Because OSRAM met its burden of production, to survive summary judgment Dominant had to offer evidence from which a jury reasonably could find that OSRAM had acted in bad faith. See Golan, 310 F.3d at 1371. Dominant failed to do so. Its focus in the district court and on appeal is on its contention that the Schachtner Letter was based on inadequate research. Dominant argues that there is no indication that Schachtner tested Dominant's products, construed the claims of any of OSRAM's patents, or considered an earlier analysis of certain Dominant products suggesting that infringement was an open question. Dominant contends that as a result, OSRAM had no reasonable basis to rely on the Schachtner letter when it made its later communications to the marketplace.
Dominant's contentions might be probative of subjective baselessness, but they do not help to show that a jury reasonably could find that Dominant could meet its burden of proving by clear and convincing evidence that OSRAM's infringement allegations were objectively baseless.
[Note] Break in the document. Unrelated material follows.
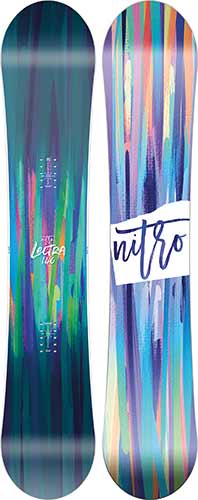 2025 Nitro Snowboards at Pelican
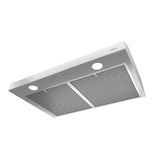 Glacier 30-Inch 300 Max Blower CFM 5 Sones White Range Hood BCSD130WW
In GP Industries, we stated that "[s]ubjective considerations of bad faith are irrelevant if the [challenged] assertions are not objectively baseless." 500 F.3d at 1375 (citing Prof'l Real Estate, 508 U.S. at 60, 113 S.Ct. 1920). We found in that case that the trial court's analysis of bad faith had "encompassed subjective considerations and unconvincing objective factors." Id. We stated, for example, that the fact that the accused party "did not show that any expert advice or opinions were sought before [it] made the allegations of infringement" was "not [a] convincing objective factor." Id. Though the patents and products at issue in this case are undoubtedly more complex than the gutter covers at issue in GP Industries, the distinction between the objective and subjective elements of the bad faith standard remains viable.
In the face of OSRAM's evidence showing that the ALJ had held that a trial was necessary to determine whether Dominant infringed most of the patents referenced in the Schachtner Letter, and that the ALJ later found infringement as to one of those patents, Dominant produced no evidence of objective baselessness at all — in other words, it produced no evidence that Schachtner's claims of infringement were factually unsound. Dominant's focus on the contention that there was no indication that Schachtner had performed a sufficient analysis, though arguably relevant on the issue of subjective intent, had nothing to do with the issue of whether Schachtner's contentions were objectively baseless. In other words, objective baselessness requires a determination based on the record ultimately made in the infringement proceedings and the record of the state tort action, and not on the basis of information available to the patentee at the time the allegations were made. Because Dominant failed to identify a genuine issue of fact regarding whether OSRAM's communications were objectively baseless, entry of summary judgment was appropriate.
CONCLUSION
For the foregoing reasons, we affirm the judgment of the district court.